Work required:
All of the data should be reproduced word for word, though its pictures must be omitted.

Working data:

++++++++++

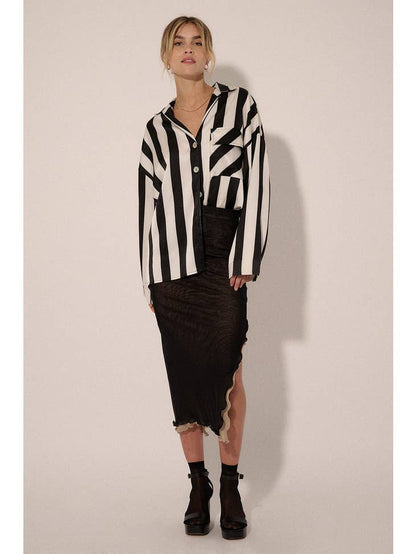 Layered Contrast Mesh Midi Skirt Black - La De Da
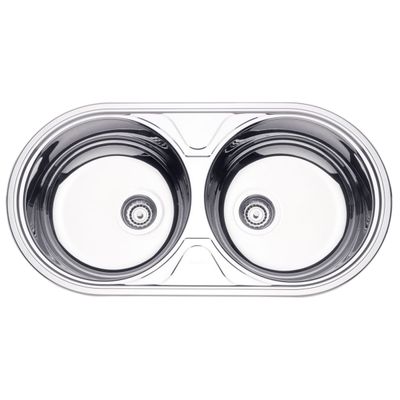 Cuba de Sobrepor Tramontina Luna Duo 2C 36 BS em Aço Inox Alto Brilho 84 x 44 cm
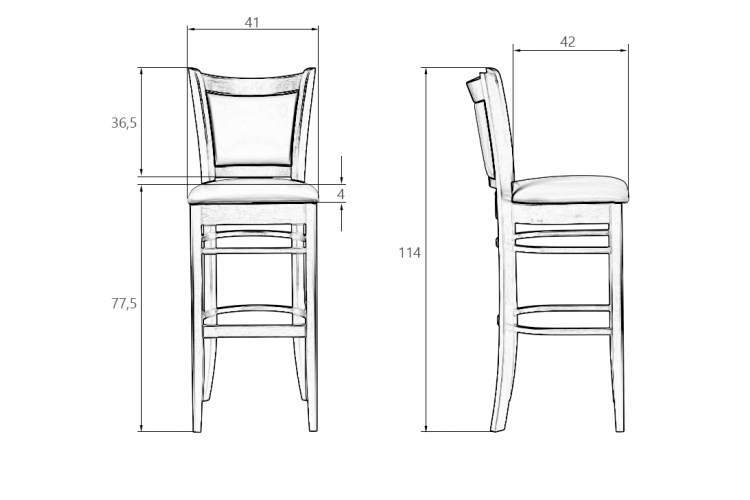 Набор 2 шт Стул барный DOBRIN GARRY BAR, капучино, кремовый-11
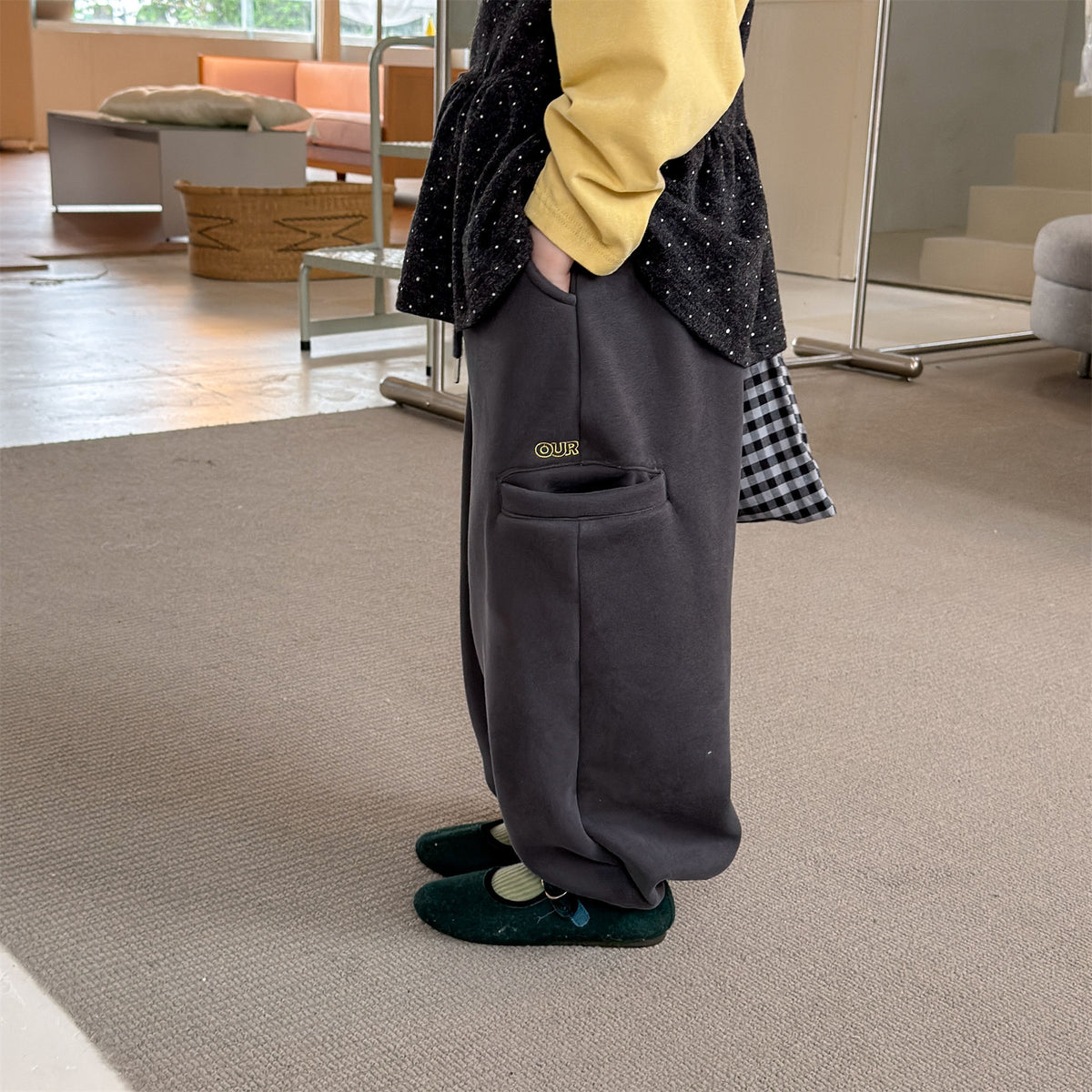 Pantalones largos de felpa para niños, corte holgado con cintura elástica y forro polar [mh0014538]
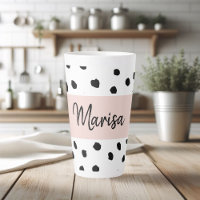 Nom du monogramme moderne | Points rose et noir Pa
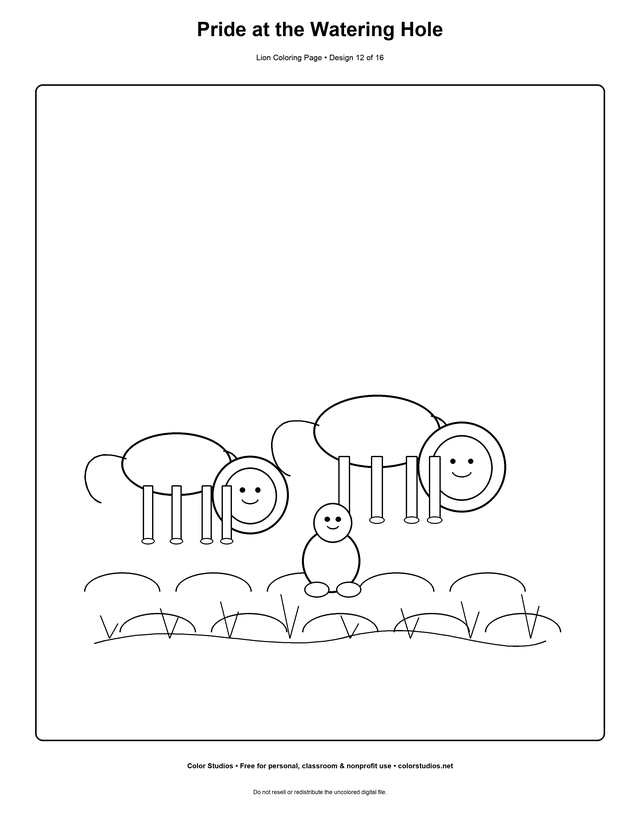 Pride at the Watering Hole lion coloring page preview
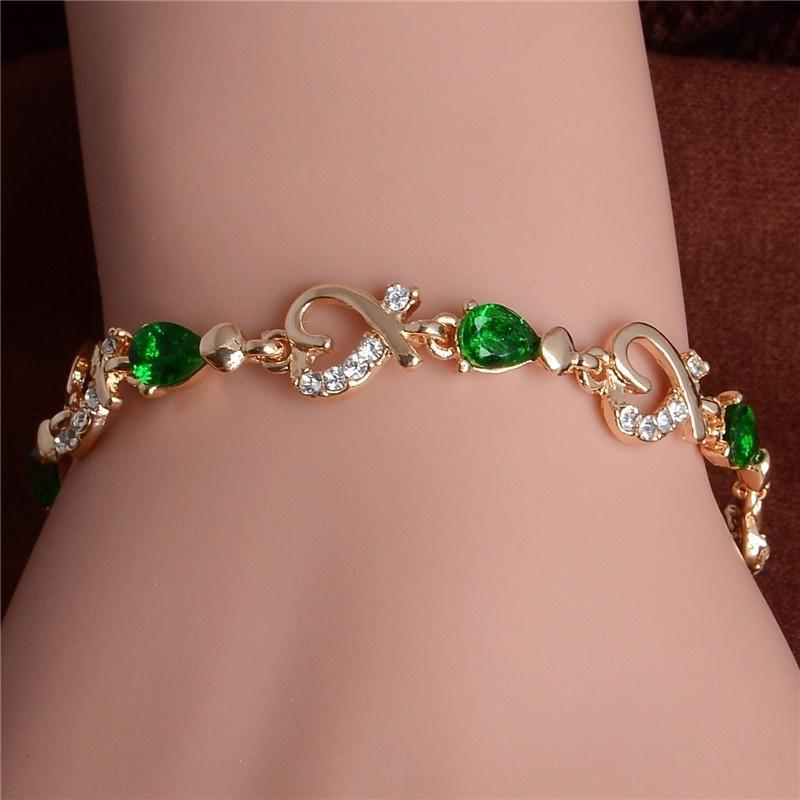 Sexy Lady Fashion 18k Gold Plated Heart 5 Colors Stones Bracelets & Bangles Jewelry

++++++++++

Answer to this exercise:
 Layered Contrast Mesh Midi Skirt Black - La De Da
 Cuba de Sobrepor Tramontina Luna Duo 2C 36 BS em Aço Inox Alto Brilho 84 x 44 cm
 Набор 2 шт Стул барный DOBRIN GARRY BAR, капучино, кремовый-11
 Pantalones largos de felpa para niños, corte holgado con cintura elástica y forro polar [mh0014538]
 Nom du monogramme moderne | Points rose et noir Pa
 Pride at the Watering Hole lion coloring page preview
 Sexy Lady Fashion 18k Gold Plated Heart 5 Colors Stones Bracelets & Bangles Jewelry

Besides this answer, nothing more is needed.